● WORK ORDER: Copy the data exactly as it appears, and do not include any pictures.

● TASK INPUT:
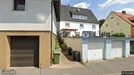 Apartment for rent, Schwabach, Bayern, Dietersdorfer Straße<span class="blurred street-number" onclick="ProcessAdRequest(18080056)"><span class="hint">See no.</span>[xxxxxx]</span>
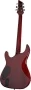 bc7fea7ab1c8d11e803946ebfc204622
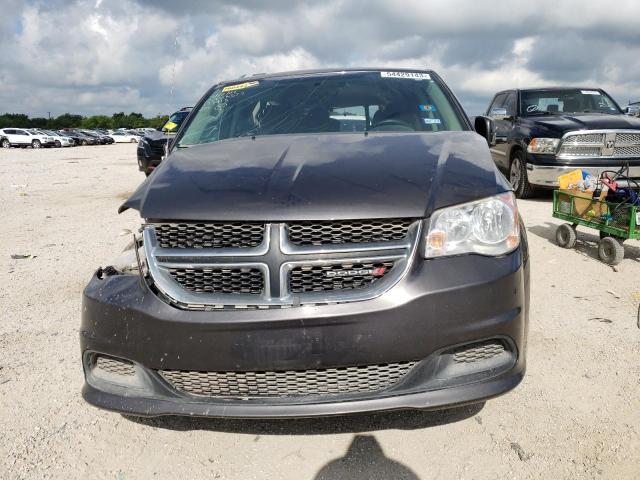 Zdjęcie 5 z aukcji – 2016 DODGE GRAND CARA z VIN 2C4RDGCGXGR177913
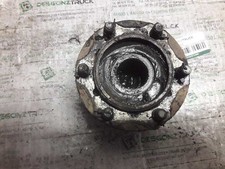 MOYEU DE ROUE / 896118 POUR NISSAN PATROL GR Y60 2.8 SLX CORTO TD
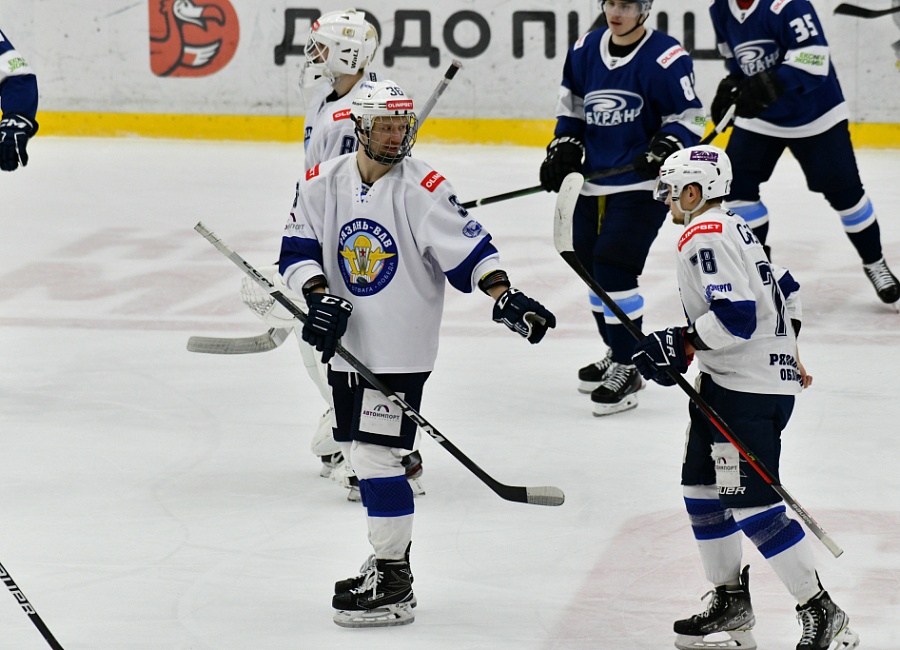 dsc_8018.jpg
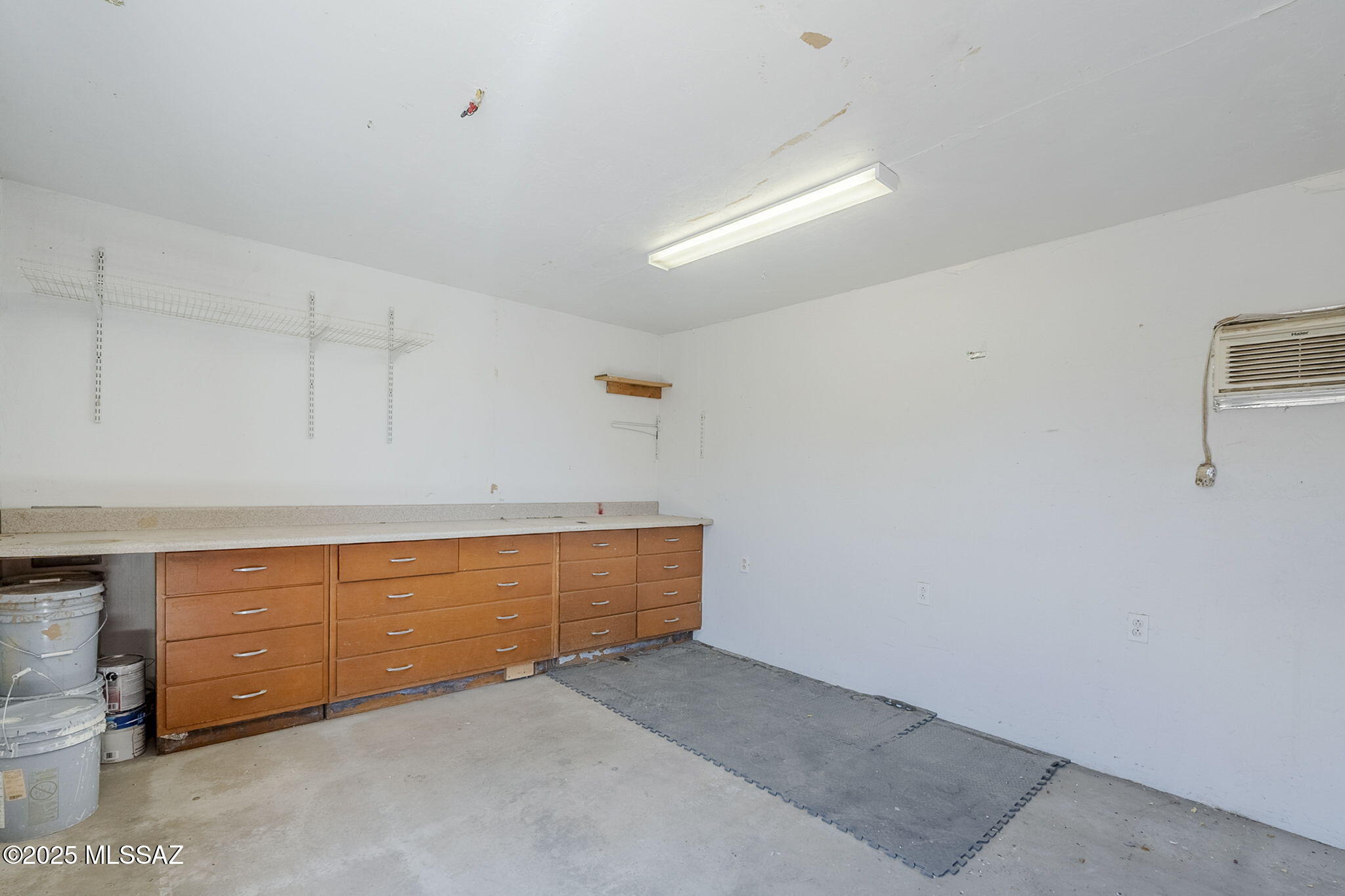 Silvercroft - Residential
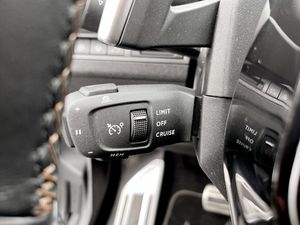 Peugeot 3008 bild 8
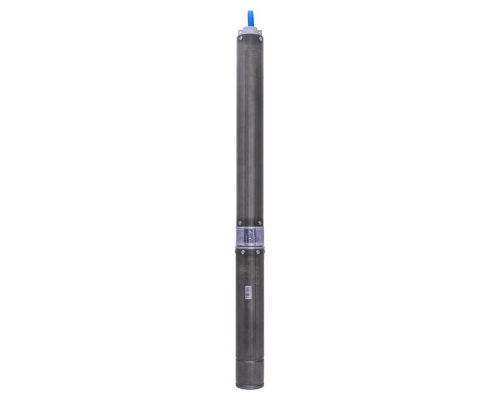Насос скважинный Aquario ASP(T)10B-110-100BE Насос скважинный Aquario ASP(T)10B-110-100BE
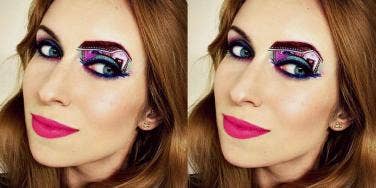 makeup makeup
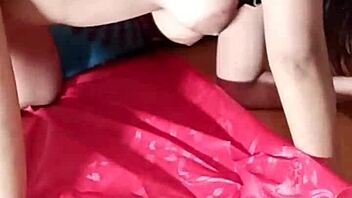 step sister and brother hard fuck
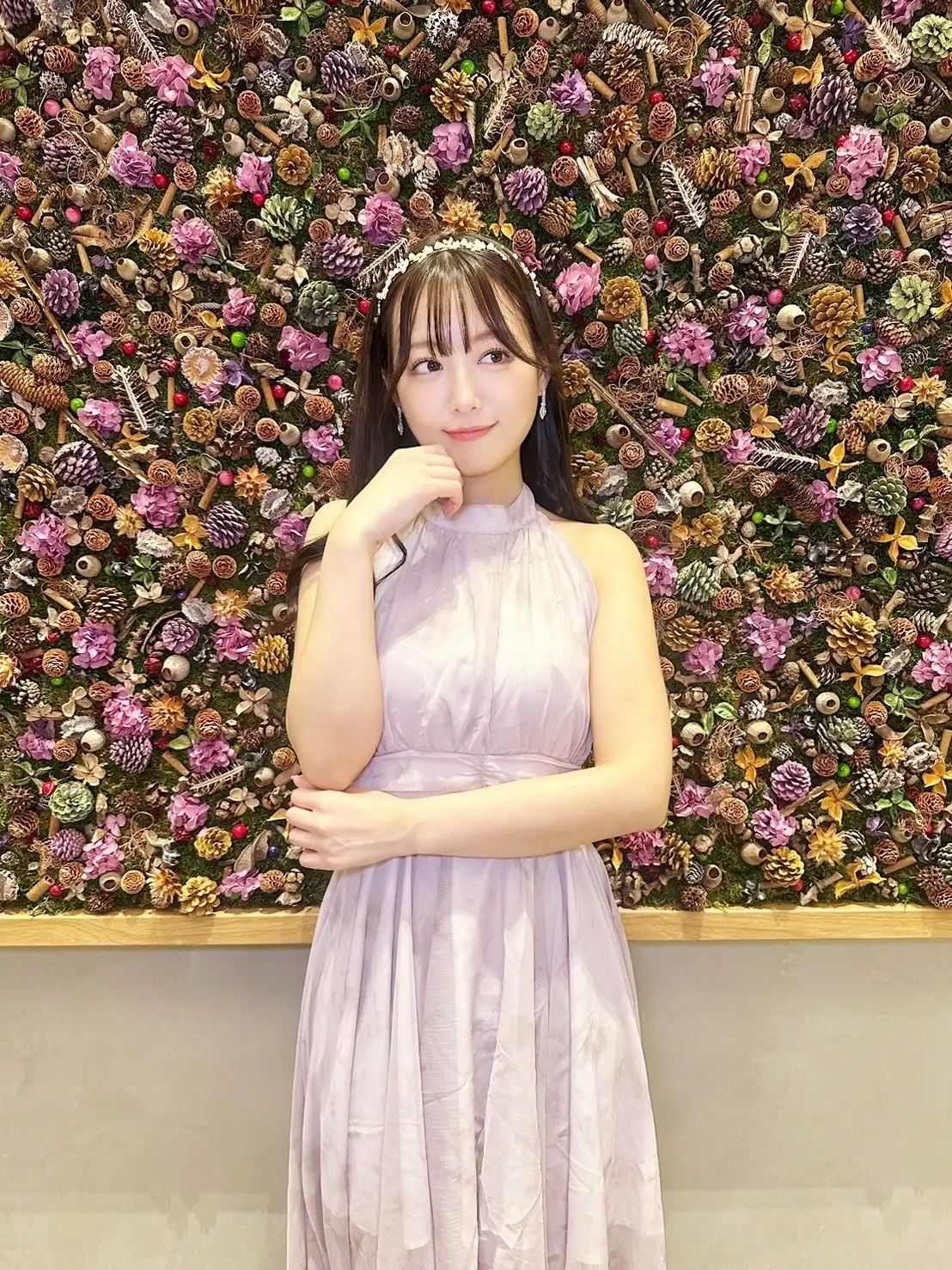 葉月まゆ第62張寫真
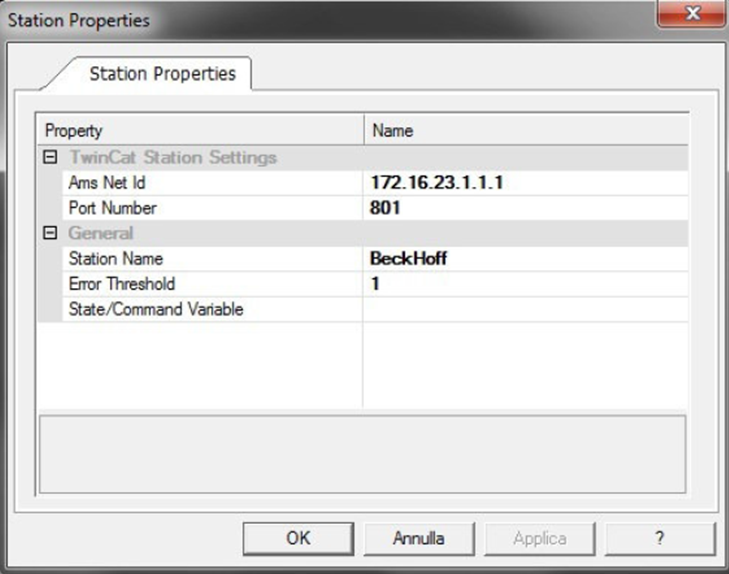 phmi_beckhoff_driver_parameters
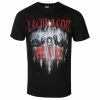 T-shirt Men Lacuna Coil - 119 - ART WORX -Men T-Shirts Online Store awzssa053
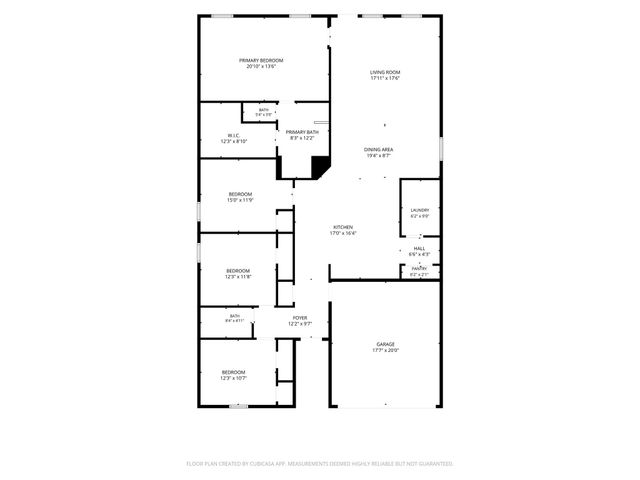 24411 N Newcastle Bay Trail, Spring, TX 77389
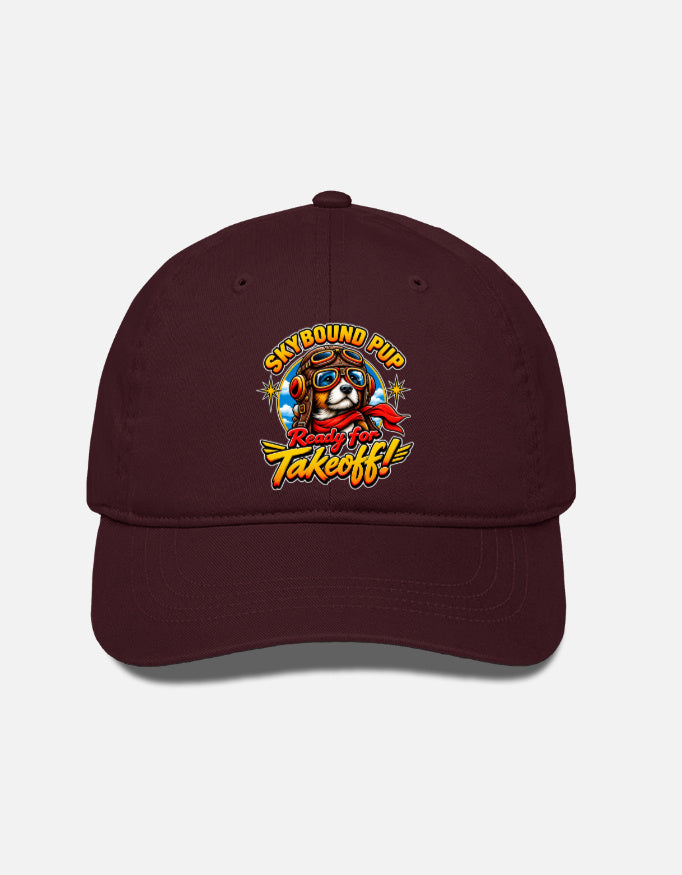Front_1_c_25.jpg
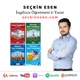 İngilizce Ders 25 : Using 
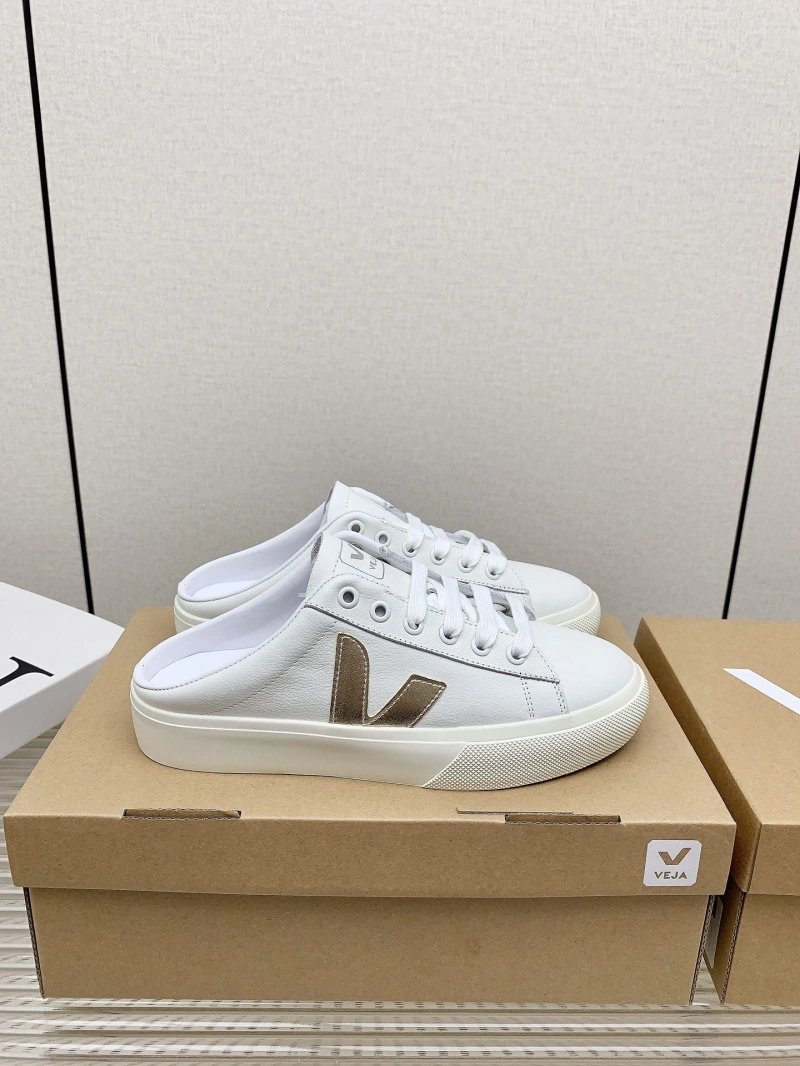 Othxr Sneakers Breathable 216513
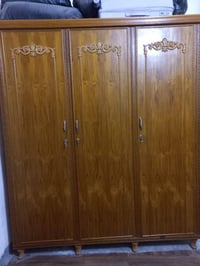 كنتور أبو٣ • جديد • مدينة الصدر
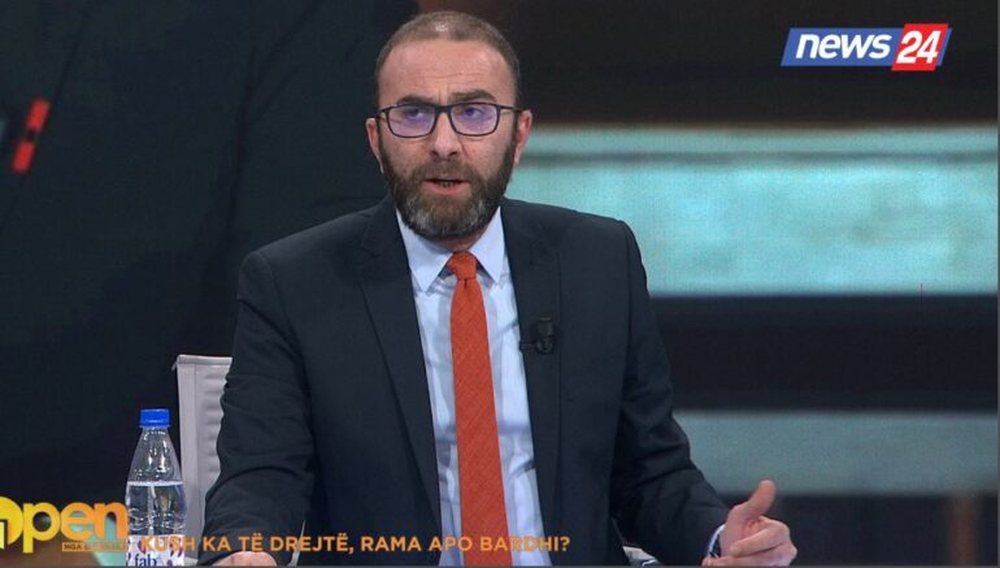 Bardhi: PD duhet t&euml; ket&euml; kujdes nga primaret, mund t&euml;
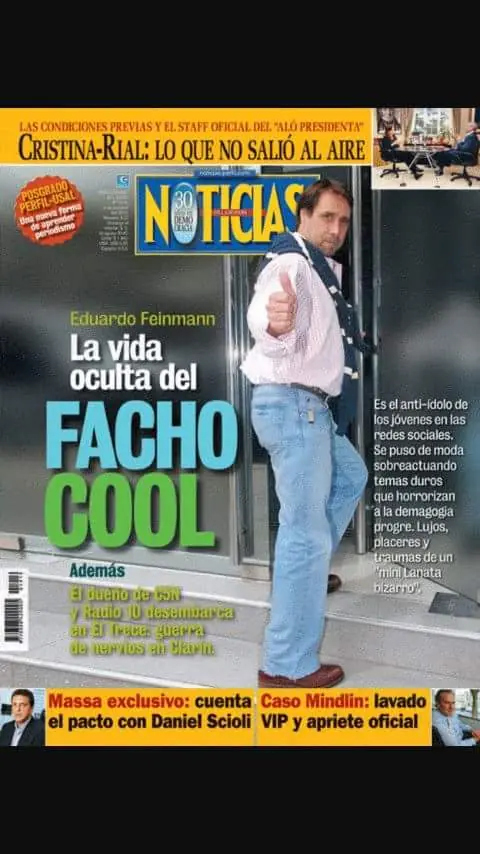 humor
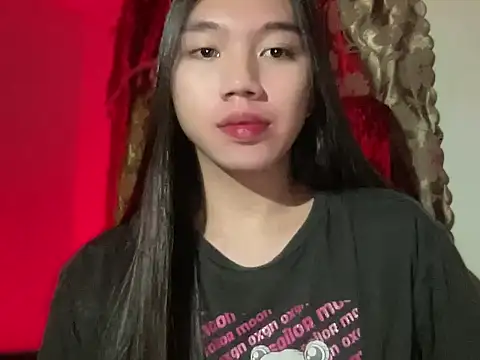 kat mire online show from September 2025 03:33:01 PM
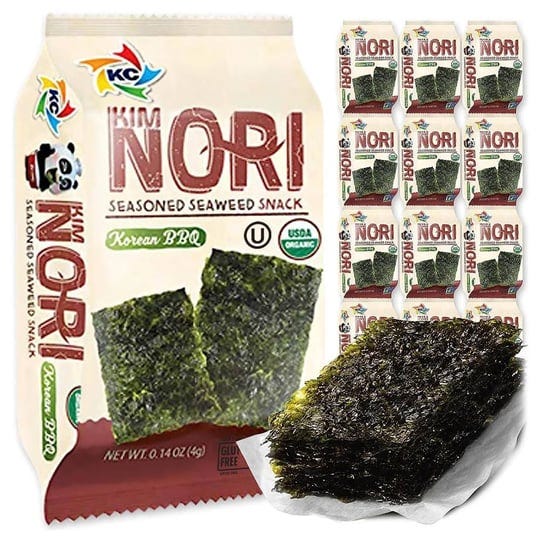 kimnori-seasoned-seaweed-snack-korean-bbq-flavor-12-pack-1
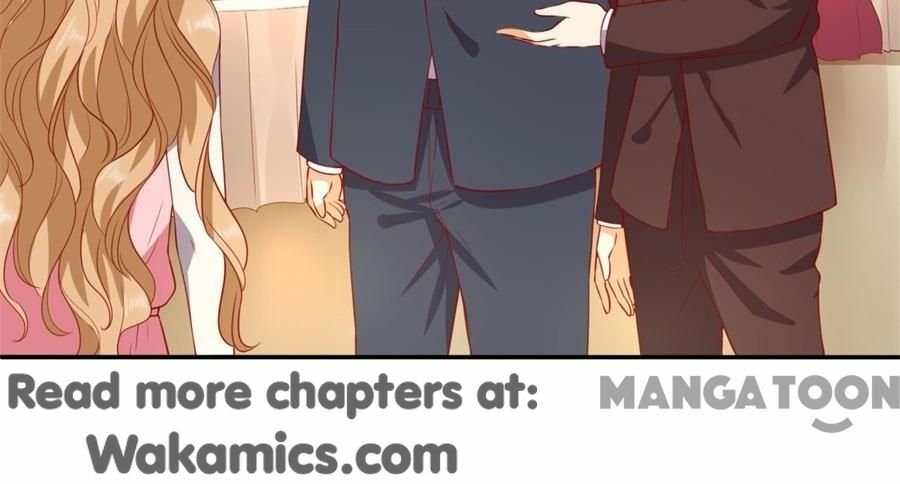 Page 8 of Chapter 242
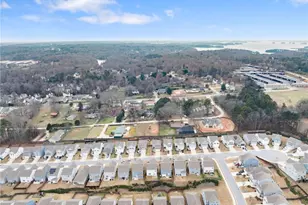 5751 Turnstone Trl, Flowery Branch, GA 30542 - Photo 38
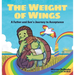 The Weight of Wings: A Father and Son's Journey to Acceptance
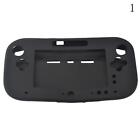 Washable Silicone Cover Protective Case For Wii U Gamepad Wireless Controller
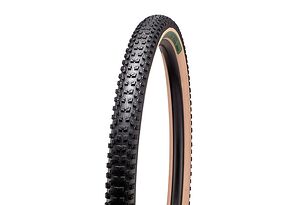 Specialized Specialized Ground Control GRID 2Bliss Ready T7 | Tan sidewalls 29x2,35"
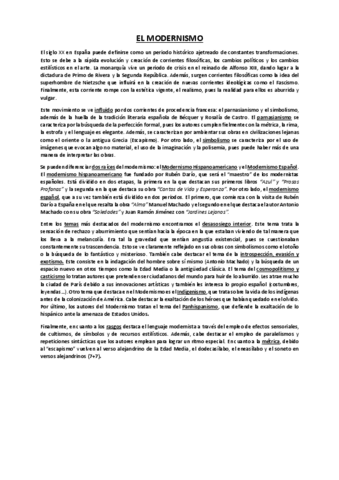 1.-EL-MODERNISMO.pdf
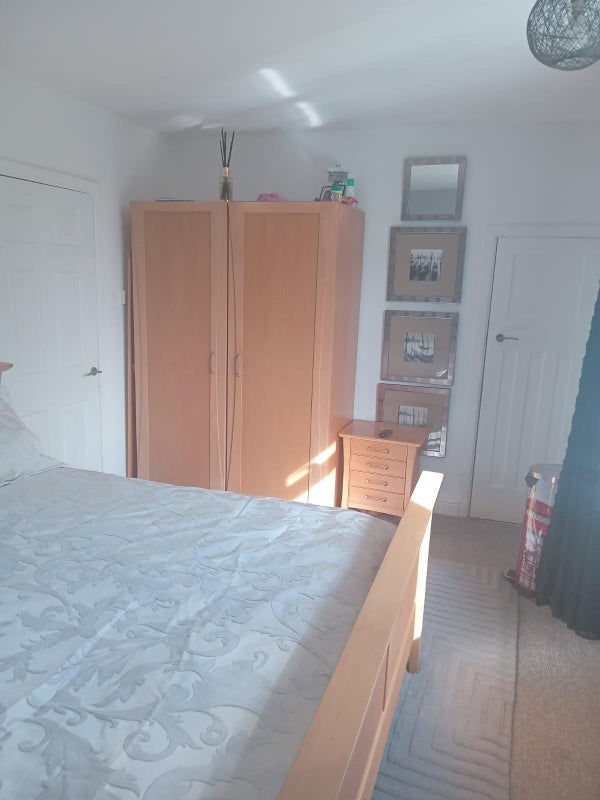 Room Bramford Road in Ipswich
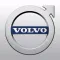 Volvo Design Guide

● COMPLETED EXERCISE:
 Apartment for rent, Schwabach, Bayern, Dietersdorfer Straße<span class="blurred street-number" onclick="ProcessAdRequest(18080056)"><span class="hint">See no.</span>[xxxxxx]</span>
 bc7fea7ab1c8d11e803946ebfc204622
 Zdjęcie 5 z aukcji – 2016 DODGE GRAND CARA z VIN 2C4RDGCGXGR177913
 MOYEU DE ROUE / 896118 POUR NISSAN PATROL GR Y60 2.8 SLX CORTO TD
 dsc_8018.jpg
 Silvercroft - Residential
 Peugeot 3008 bild 8
Насос скважинный Aquario ASP(T)10B-110-100BE Насос скважинный Aquario ASP(T)10B-110-100BE
 makeup makeup
 step sister and brother hard fuck
 葉月まゆ第62張寫真
 phmi_beckhoff_driver_parameters
 T-shirt Men Lacuna Coil - 119 - ART WORX -Men T-Shirts Online Store awzssa053
 24411 N Newcastle Bay Trail, Spring, TX 77389
Front_1_c_25.jpg
 İngilizce Ders 25 : Using 
 Othxr Sneakers Breathable 216513
 كنتور أبو٣ • جديد • مدينة الصدر
 Bardhi: PD duhet t&euml; ket&euml; kujdes nga primaret, mund t&euml;
 humor
 kat mire online show from September 2025 03:33:01 PM
 kimnori-seasoned-seaweed-snack-korean-bbq-flavor-12-pack-1
 Page 8 of Chapter 242
 5751 Turnstone Trl, Flowery Branch, GA 30542 - Photo 38
 The Weight of Wings: A Father and Son's Journey to Acceptance
 Washable Silicone Cover Protective Case For Wii U Gamepad Wireless Controller
 Specialized Specialized Ground Control GRID 2Bliss Ready T7 | Tan sidewalls 29x2,35"
 1.-EL-MODERNISMO.pdf
 Room Bramford Road in Ipswich
 Volvo Design Guide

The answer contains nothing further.